Researchers from Northwestern, Tilde Research, and University of Washington published Parallax (arxiv 2605.29157, code at github.com/Yifei-Zuo/Parallax), an attention mechanism that does the architectural opposite of what most linear-attention work does. Instead of replacing softmax to get sub-quadratic complexity, Parallax keeps softmax exactly and adds a learned covariance correction branch on top. The motivation is quality not speed: the underlying theory (Local Linear Attention, derived from nonparametric statistics in a test-time regression framework) upgrades softmax's "local constant estimate" of attention to a "local linear estimate," with provably better bias-variance tradeoffs for associative memory. At 1.7B scale with the Muon optimizer, Parallax beats the Transformer baseline by 1.02 points on downstream accuracy (62.45 vs 61.43), and tops Mamba, Gated DeltaNet, MesaNet, and Kimi DeltaAttention on MAD-Benchmark with 0.716 average accuracy.

The mechanism is additive. Output equals softmax attention minus a projected covariance term: the KV covariance gets multiplied by a learned probe ρᵢ = WR·xᵢ, where WR is a learnable projection matrix that probes the KV covariance directly from the layer input. The crucial design property: setting WR = 0 recovers standard softmax exactly. That means you can convert a pretrained Transformer checkpoint by adding WR and fine-tuning, without starting from scratch. Compute story: Parallax doubles arithmetic intensity by reusing the same KV stream for both branches, and on a NVIDIA H200 decode kernel matches or outperforms FlashAttention 2 and 3 (1.54x speedup compute-matched, 1.14x I/O-matched, across batches 1 to 2048 and contexts 128 to 32768). Critical caveat: gains depend on optimizer. Under Muon, the architecture has substantial advantage. Under AdamW, the advantage shrinks markedly or disappears, an unusual architecture-optimizer codesign dependency that limits where you can apply this drop-in. Important: this is NOT linear-complexity attention. KV cache is still required for decoding; the structure is softmax-attention-shaped, not Mamba-shaped.

Two threads worth pausing on. First, the narrative inversion is interesting on its own. The dominant linear-attention story for years has been "replace softmax to escape quadratic complexity," and Performer, Linformer, Hyena, Mamba, plus MiniMax M3's MSA all live in that frame. Parallax says: softmax was the local constant estimate of a more general thing, and the more general thing is the local linear estimate, which is theoretically better. The fix isn't to replace softmax, it's to extend it. That reframing matters for builders thinking about attention design: there's a layer of theory underneath the empirical landscape that suggests softmax isn't a ceiling, it's a starting point. Second, the optimizer-architecture codesign finding is honest and rare. Most papers don't publish "our gains evaporate under AdamW." Tilde Research and collaborators flagging this means future LLA-family work will need to track which optimizer regime it lives in, and Muon just gained a concrete reason to be studied alongside the architectural innovations it enables.

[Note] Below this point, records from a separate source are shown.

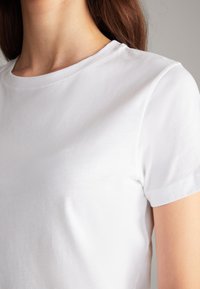 JOOP! T-shirt basic - weiß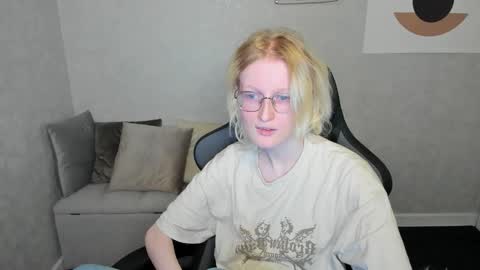 Elizabeth online show from September 27, 2:31 am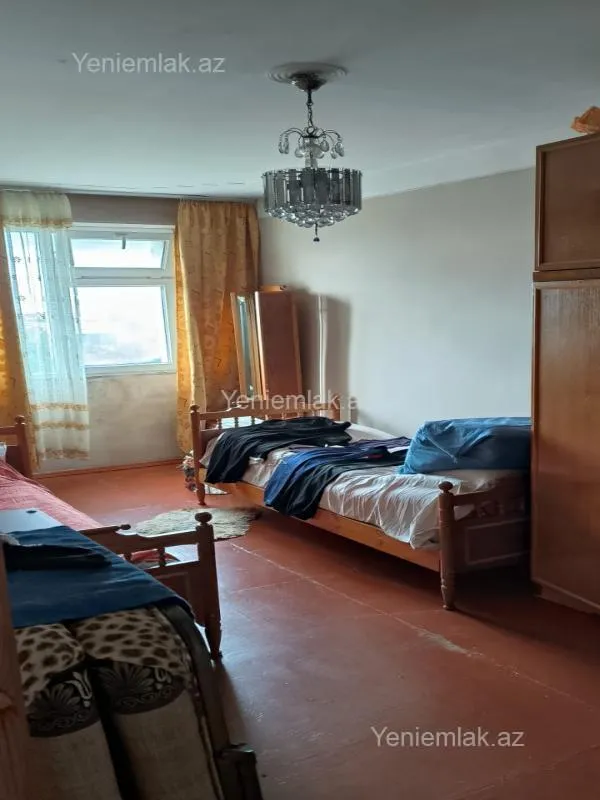 Satılır 4 otaqlı köhnə tikili 80 m²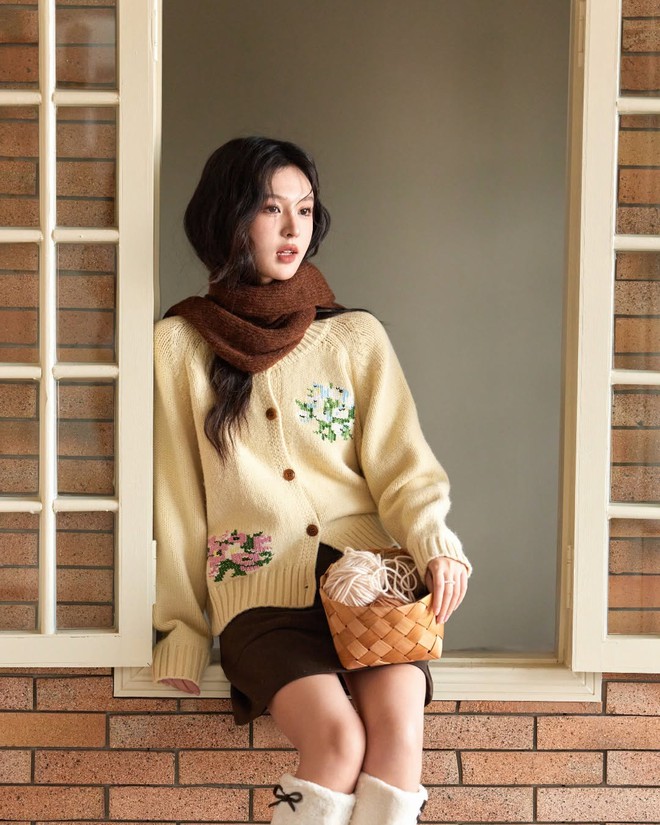 Tips to wear beautiful cardigan sweater on Tet- Photo 2.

Monday morning, if you're training language models from scratch at the 1 to 2B scale and have Muon available: Parallax is worth treating as a drop-in baseline against vanilla softmax, given the open code at github.com/Yifei-Zuo/Parallax and the WR=0 backward-compat for pretrained-checkpoint conversion. The H200 decode kernel matches FlashAttention 2 and 3, so inference-side cost is not a barrier. If you're stuck on AdamW for compatibility reasons, the gains may not materialize; verify on your own training run before committing. If you're building from primitives and care about attention design as a first principle, the LLA theory (test-time regression, local linear estimate) is the paper to read; the Parallax implementation is one parameterization, not the only possible one. And if you're doing frontier-scale work, the 1.7B numbers are encouraging but the architecture-optimizer codesign needs verification at your scale before betting infrastructure.